1) it added a bit of barrel weight to help swing.

2) it really did reduce recoil by a modest, but noticeable, amount

3) it was supposed to allow the shot and the fiber wads (then in use) to separate so that the wad would not punch through the shot cloud and produce the dreaded (and largely fictitious) “doughnut” pattern.

4) it was also supposed to return back into the pattern the shot that had been scrubbed flat along the barrel walls. With felt wads, the pellets scrubbed by the walls were supposed to spread out away from the main shot column inside the plenum chamber, only to be nudged back into the pattern by the annular ring of the choke. This also was supposed to elongate the shotstring- a desirable feature at skeet distances, though not further out.

5) the big blob up front kept some shooters from “aiming” at the bird.

6) it made a nice, satisfying Fourth of July bang.

The famous Russian “Tula” choke (named after the Tula arsenal in the Soviet Union) was reputed to have been derived from the Cutts. It is said that in the ’50s the US Air Force skeet team dominated an international skeet match in Scandinavia. They were all using Browning A-5 autos with Cutts. After the match the Russian coach came over and offered to buy, for a large sum, the winning American’s gun. It was sold and a few minutes later the gun was returned- minus the Cutts and the front half of the barrel. Shortly thereafter the Russian Baikal MU-8s appeared in the hands of the future Russian world champion Yuri Tsuranov with the familiar “Jug” or Tula choke that Perazzi, SKB and Krieghoff have since copied.

I have owned a Winchester Model 12, Remington 870 and 1100 with Cutts Compensators installed. I have also shot a bunch of 1100s with the Kolar Comp (copy of the Cutts) installed. I found that the Cutts definitely reduced recoil and obviously added some weight up front (they came in steel and lighter aluminum versions). I never really minded having that big blob in my sight picture at skeet (I also prefer the Browning Broadway rib to the narrower ones for skeet). With plastic shells, I could see no difference in the pattern from a standard cylinder bore with a slight funnel bevel (a la Beretta skeet chokes of the ’70s).

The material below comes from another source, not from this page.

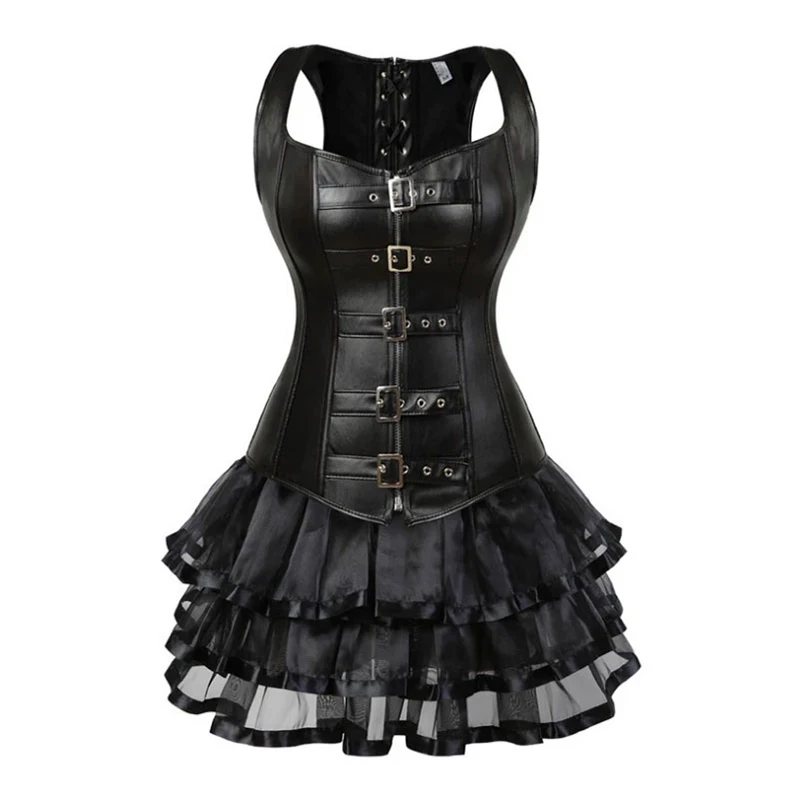 

Gothic Corselet Body Shaper Faux Leather Corset Bustier and Mini Skirt Tutu Set Plus Size Renaissance Steampunk Corset Dresses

As an aside (most of that the Technoid says is an aside anyway), I did some extensive pattern testing with Perazzi and Krieghoff jug choke guns comparing the fiber wad Federal International Skeet loads of the early ’80s to the plastic wad Federal skeet loads. I got the best patterns in the jug choke guns from the plastic wad shells. So much for the theory of the jug choke optimizing with felt wad cartridges. Those jug chokes do build up plastic though.)

I have no strong negatives at all about hunting/shooting with a Cutts if you do not mind the balance shift forward and can keep the twigs and briars out of the slots. I am pretty sure that Lyman still makes them as Brownells (tel: 515-623-5401) carries them in both 12 and 20. They carry the choke tubes too.

There it is. More than you EVER wanted to know about the Cutts Compensator.